Fortunately the tongues of most large mammals are smooth,and are easily reproduced by using the same leaden core as described above, and covering it first with papier-maché, drying it, and coating with tinted wax, laid on hot with a small flat paint-brush called a "fitch." With small specimens it is not necessary to make the tongue as a separate piece, or put a leaden core in it. Fill into the mouth a sufficient quantity of papier-maché, pack it down, and then proceed to model the surface of it into a tongue, shaped to suit the subject. Such a tongue is, of course, a fixture in the mouth.

Cleaning Teeth.—Before finishing a mouth with wax, the teeth must be washed clean with a stiff brush. If they will not come out white enough to suit you, wash them with a solution of two parts muriatic acid and one part water, applied with a tooth-brush if possible. Let it stay on the teeth about a quarter of a minute, when it must be washed off with an abundance of clear water. If the acid stays on too long, it will destroy the entire outer surface (enamel) of the teeth.

Waxing a Mouth.—Of course it will answer, and sometimes quite well enough, perhaps, when a mouth has been handsomely and smoothly modeled in fine papier-maché, to sand-paper it and paint it over when dry with two or three coats of oil color. You can hardly do otherwise, in fact, when you are not prepared to work with wax. But the really fine way, however, is to coat your dry papier-maché with tinted wax as follows:

Procure from the nearest dealer in artists' materials some cakes of white wax. You must also have a small oil or gas stove, or a spirit-lamp, and rig above it a wire frame on which you can set your wax cup. The wax cups should be small, and made of pressed tin, so that they contain no soldered joints. The wax is to be applied hot, or at least quite warm, for bear in mind that if you heat your wax too hot it changes its color quite perceptibly, and makes it dark and yellow. Wax shouldalwaysbe clear and transparent, and when the excess of heat turns it yellow, throw it away.

Fig. 47.—Tiger's Tongue, Top View.

Regulate the heat carefully, so as to make it gentle. Melt a small portion of a cake of wax in one of your clean tin cups, and if it is the tongue, roof of the mouth or gums, that you have to cover, color the wax a delicate flesh tint by putting intoit a very little vermilion, or other suitable color, from your Windsor & Newton oil-color tube. Oil colors mix very well with hot wax; but in using it, it is necessary to keep the wax well stirred with the brush, or the color will settle to the bottom.

Take a clean, dry bristle brush, of the right size (the flat brushes are always best for wax), with a good, compact point, dip it into the hot wax, stir from the bottom, and then, before the wax on your brush has even two seconds in which to get cool, apply it to the surface to be covered, with a quick, dextrous touch, sweeping it on broadly to keep it from piling up and making the surface rough. This wax business requires genuine skill, and, after beginning, one must not be discouraged because it does not "go right" at first, but try, try again. After your hand has acquired the trick, the beauty of the results will amply repay your labor.

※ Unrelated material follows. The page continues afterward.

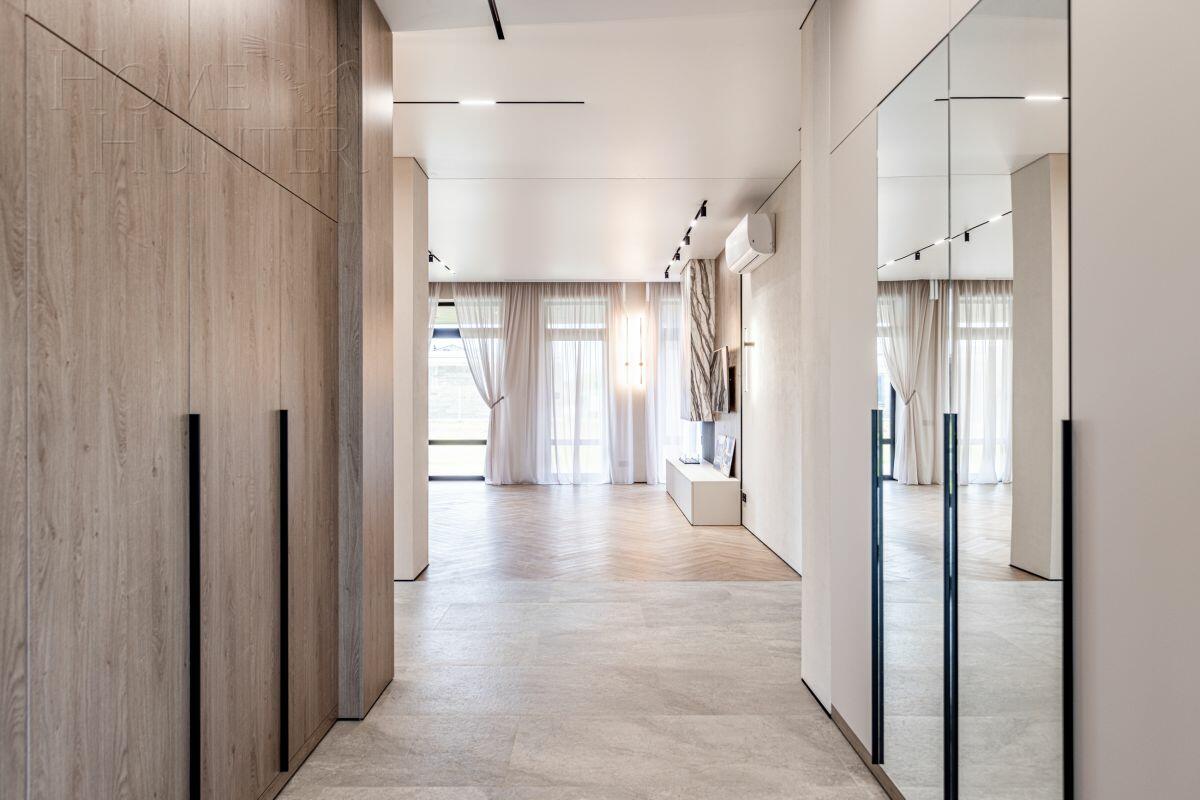 2-этажный коттедж 353 м² с отделкой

It is very difficult to change the surface of a coat of wax after it is once on; therefore try to get it right with the brush. Of course, if the color or surface does not suit you, scrape it all off, and "to 't again." To treat the roof of the mouth, the specimen must be turned upside down. At the point where the black lip joins the pink gums, the two colors can be nicely blended by letting the last layers of pink wax lap over a trifle, upon the black, so that the latter will show through the former here and there, and give the line of demarcation a mottled appearance, with the two colors thus blended together. Much can be done by taking advantage of the transparency of thin layers of wax when its color is light.

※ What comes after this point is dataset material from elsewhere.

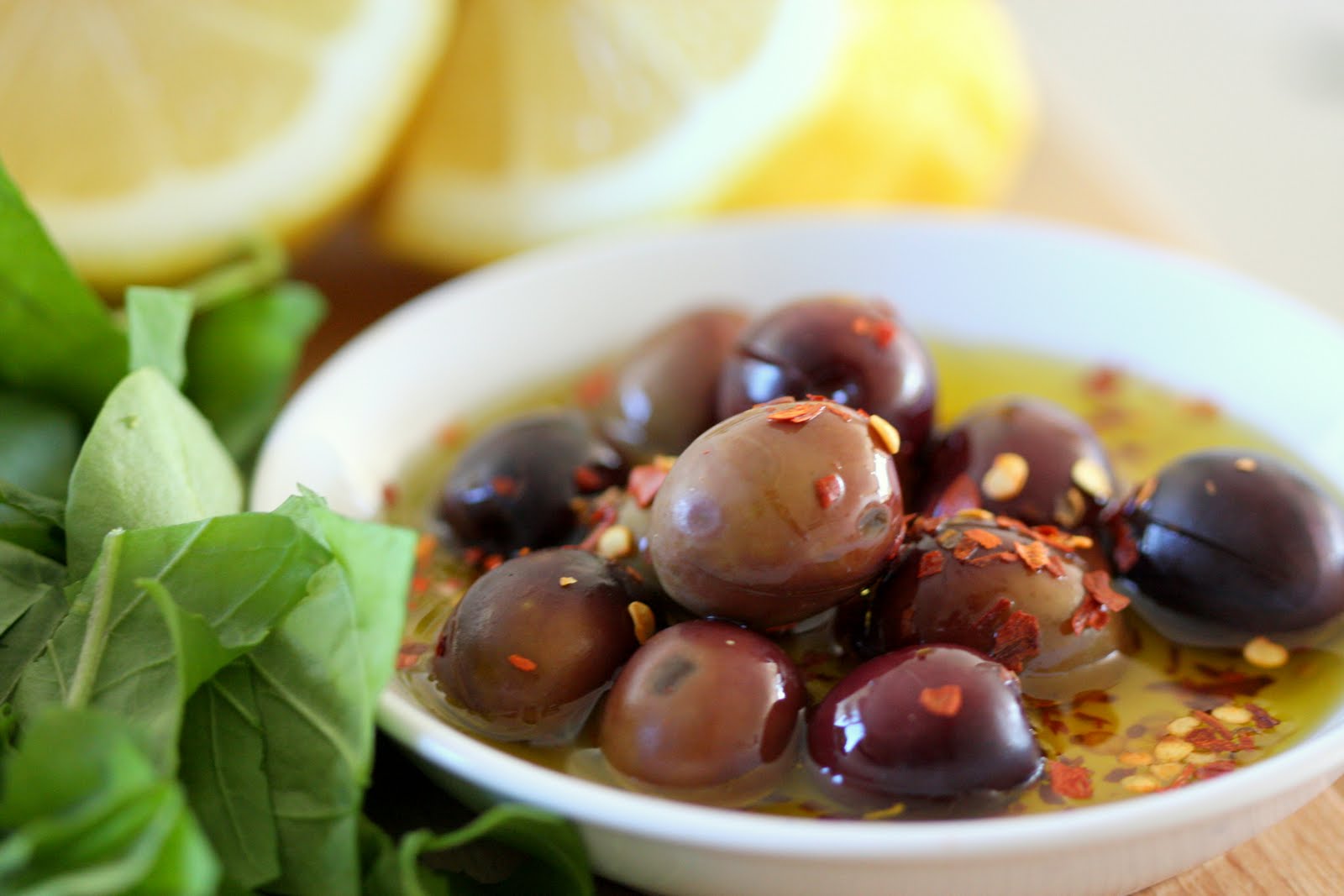 оливки и маслины. оливковое масло. испанские маслины. оливки с лимоном фото. домашний рецепт маслин.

After the wax has cooled, something can be done to smooth the surface, and give it a very shiny appearance, by carefully scraping the surface over smoothly with the edge of a knife, or a sharp bone-scraper. The latter tool will be found of great value in modeling a mouth in papier-maché, and also in trimming up the wax after it has been applied.

Cleaning Glass Eyes.—Always have the glass eyes of a finished specimen faultlessly clean and well polished, to give the brilliancy of life. If paint gets on the glass, remove it with a drop of turpentine, and polish afterward with a bit of cotton cloth. Some of the old-fashioned taxidermists have the habitof smearing a lot of nasty lamp-black in the eyes of every mounted mammal, for what purpose no one knows—but possibly in imitation of actresses, some of whom have the same unaccountable trick, and a hideous one it is in its results, in both cases. There is only one point in its favor—it is the easiest way in the world to give an animal a black eye.

As usual with most processes in taxidermy, there are severalways in which a dry bird skin may be softened, and made ready to mount or make over. I will first describe the one I consider the best in all respects.

Treatment of Small Skins.—Open the skin and remove the filling from the body, neck, and head. Tear some old cotton cloth into strips from one to two inches wide, wet them in warm water and wrap one around each leg and foot until it is completely covered with several thicknesses of the wet cloth. Lift up the wing and put two or three thicknesses of wet cloth, or else thoroughly wet cotton batting, around the carpal joints, and also between the wing and the body. Put some more wet cotton, or rags, inside the skin, in the body and neck, wrap the whole specimen completely in several thicknesses of wet cloth, so as to exclude the air, and lay it aside. If the skin is no larger than a robin, in about twelve to fourteen hours it will be soft enough to mount. The scraping and cleaning will be considered later.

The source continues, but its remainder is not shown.